What you submit must be an exact copy of the listing below, with no images in it.

[Collected data Boundary: Start]

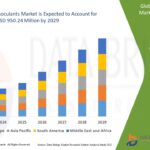 37.Microbial-Inoculants-Market.jpg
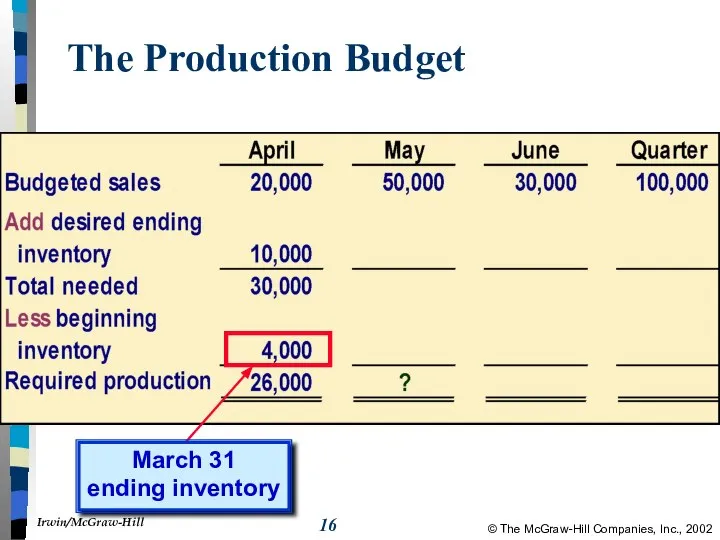 The Production Budget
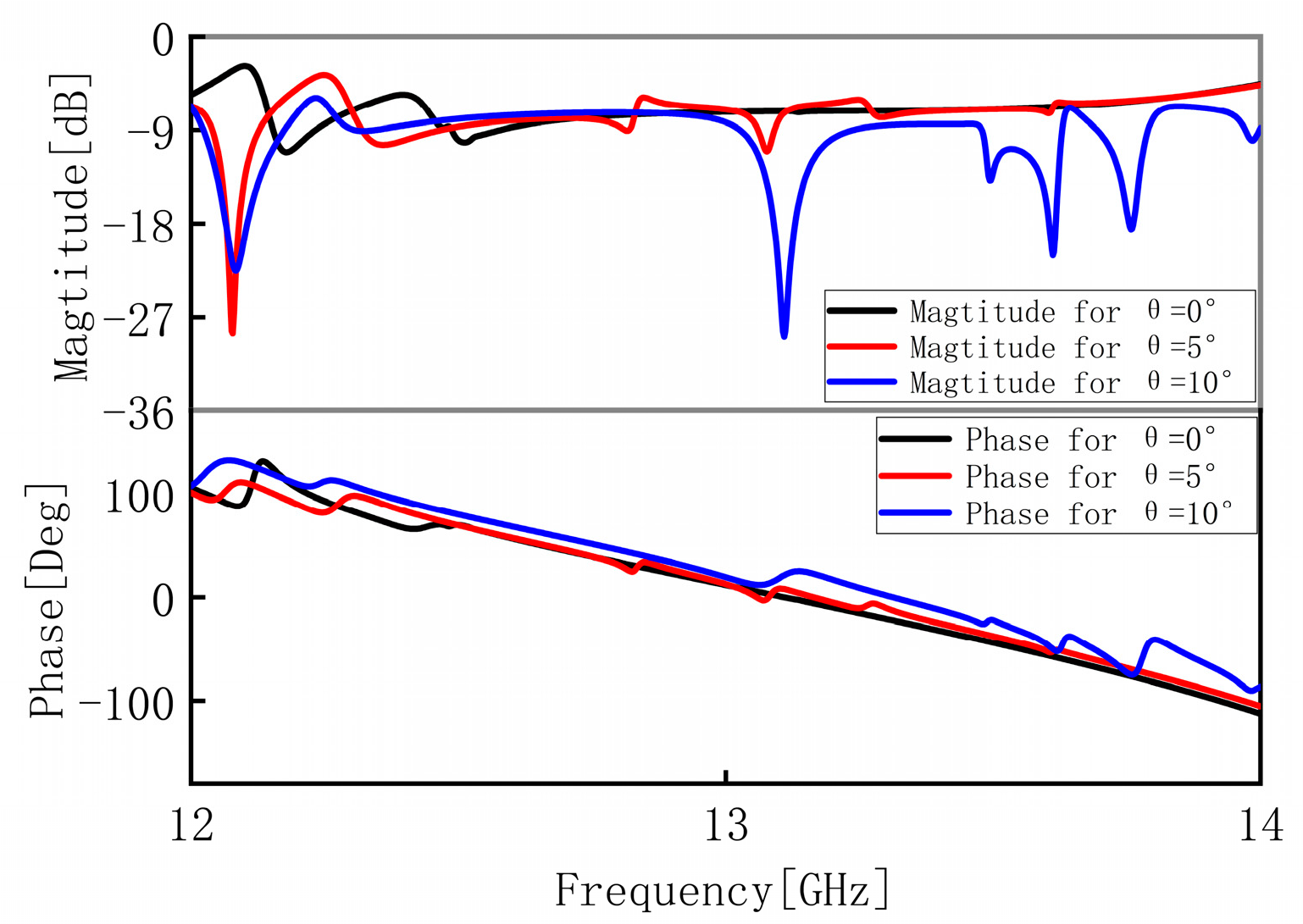 Materials 16 04242 g007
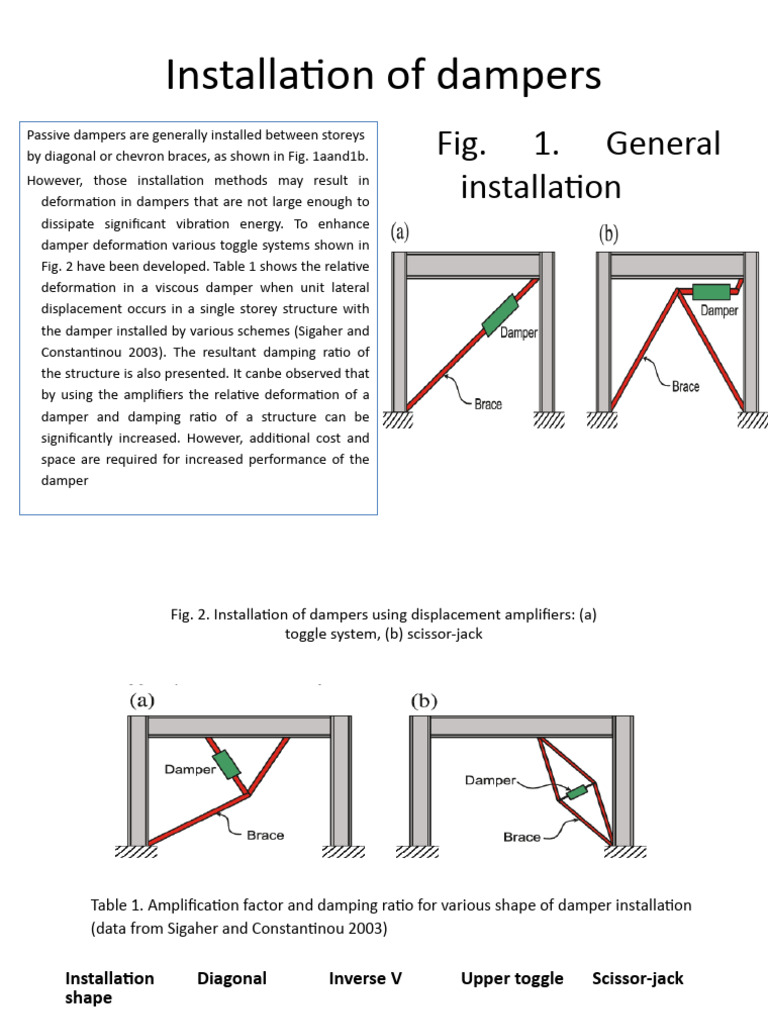 Visco Elastic Damper Download Free Pdf Viscoelasticity Damping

[Collected data Boundary: End]

Result
 37.Microbial-Inoculants-Market.jpg
 The Production Budget
 Materials 16 04242 g007
 Visco Elastic Damper Download Free Pdf Viscoelasticity Damping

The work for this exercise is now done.